# Life on a Submarine ?



## Navy_Blue (2 Jun 2007)

Well let me say hello to all the Submerniers among us.  

It seems I have been directed out of the surface fleet and into your arms.  I am getting my pressue test next week and I am expecting to pass it.  Was thinking anyone who has some time could post some info in here.  Lets here some good points for once.  Also does anyone know when the next basic sub course starts I am being told I will be bumped to the front of the line.  Any help would be great.

Blue


----------



## QAD (12 Nov 2008)

Hi, I'm currently doing my NWT training at CFNES and some people (already) asked me if I was interested in serving on a submarine.

I tried to gather info about life onboard, but it seems very hard to get a clear picture of it. From what some guys said, its like my worst nightmares... and some other make it sounds quite challenging (without that "no f***ing way" feelling).
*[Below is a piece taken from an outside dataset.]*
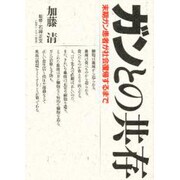 ガンとの共存―末期ガン患者が社会復帰するまで [単行本]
So, I'm asking you all, how is it ? Just tell me about the life onboard.

That would be great.

Thanks  !


----------



## Ex-Dragoon (12 Nov 2008)

Why not go down to sub squadron when you are free sometime and talk to the submariners directly? That way you get info and not opinions.


----------



## drunknsubmrnr (12 Nov 2008)

I liked it. 

Surface life is like a low-end hostel with a few people you might want really want to hang out with. At least you get to bathe every day, the cooks usually give you a choice of 3 items, and you can always get away from people if you really want to. You even have laundry. You'll have a fair amount of pusser stuff though, and have your master hookie breathe down your neck etc.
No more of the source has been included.